■ **Data extracts**:
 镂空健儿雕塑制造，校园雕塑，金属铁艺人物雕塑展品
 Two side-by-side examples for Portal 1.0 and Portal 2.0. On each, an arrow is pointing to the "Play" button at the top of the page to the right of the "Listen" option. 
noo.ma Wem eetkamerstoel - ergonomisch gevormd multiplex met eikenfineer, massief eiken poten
...
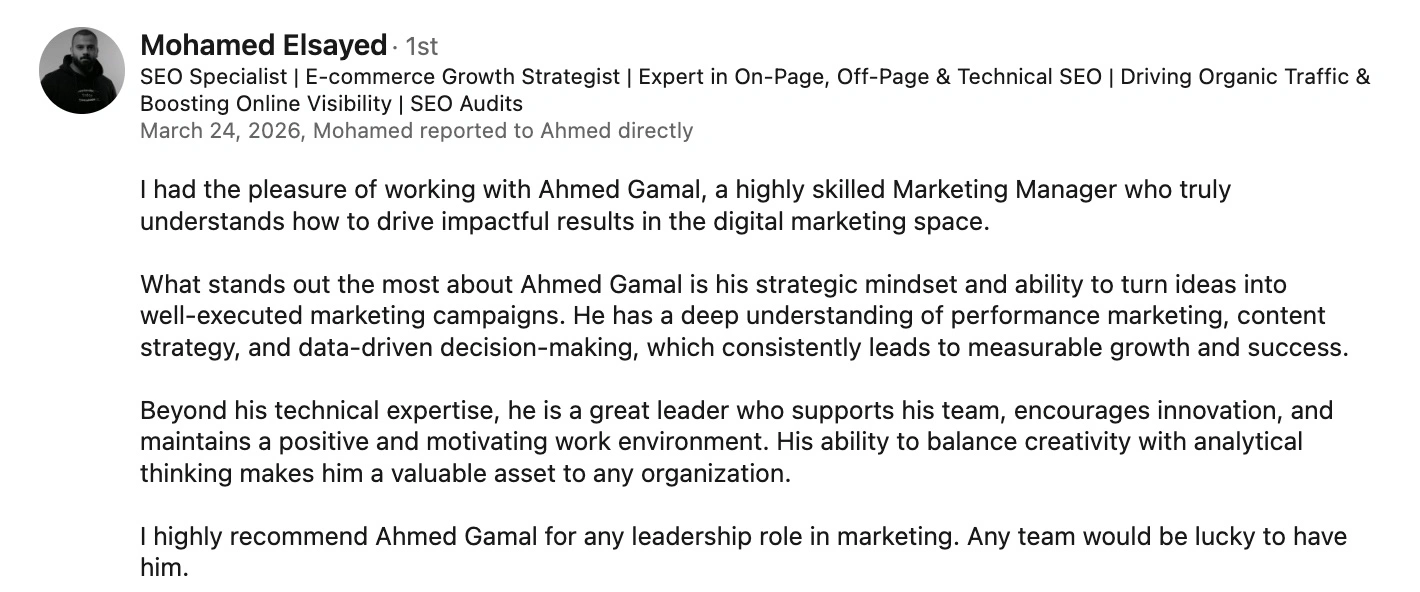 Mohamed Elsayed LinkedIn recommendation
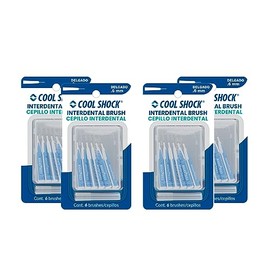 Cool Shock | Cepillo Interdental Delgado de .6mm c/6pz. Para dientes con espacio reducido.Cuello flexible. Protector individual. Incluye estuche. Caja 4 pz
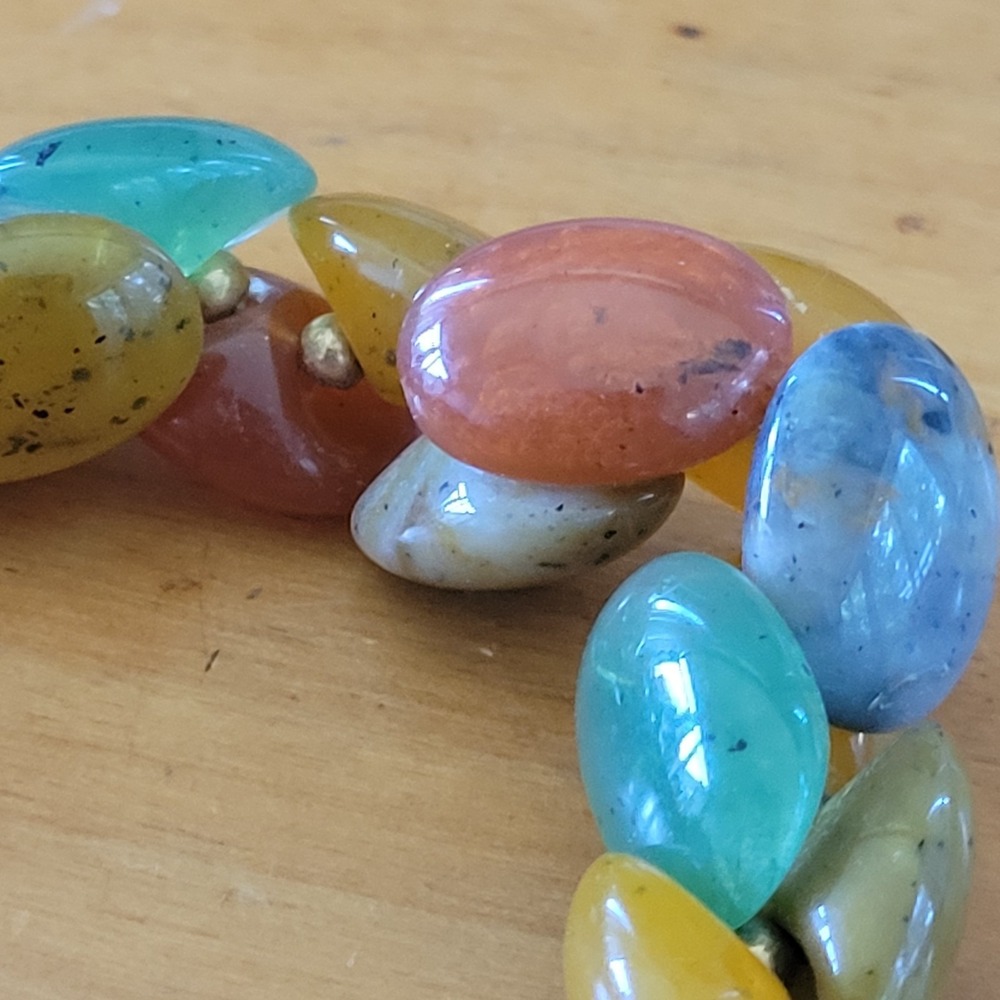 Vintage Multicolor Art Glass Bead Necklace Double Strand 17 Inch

■ **What the task requires**: The answer is the lines above from the one with "Mohamed Elsayed LinkedIn recommendation" to the one with "Vintage Multicolor Art", set down exactly, with no pictures.

■ **Task response**:
 Mohamed Elsayed LinkedIn recommendation
 Cool Shock | Cepillo Interdental Delgado de .6mm c/6pz. Para dientes con espacio reducido.Cuello flexible. Protector individual. Incluye estuche. Caja 4 pz
 Vintage Multicolor Art Glass Bead Necklace Double Strand 17 Inch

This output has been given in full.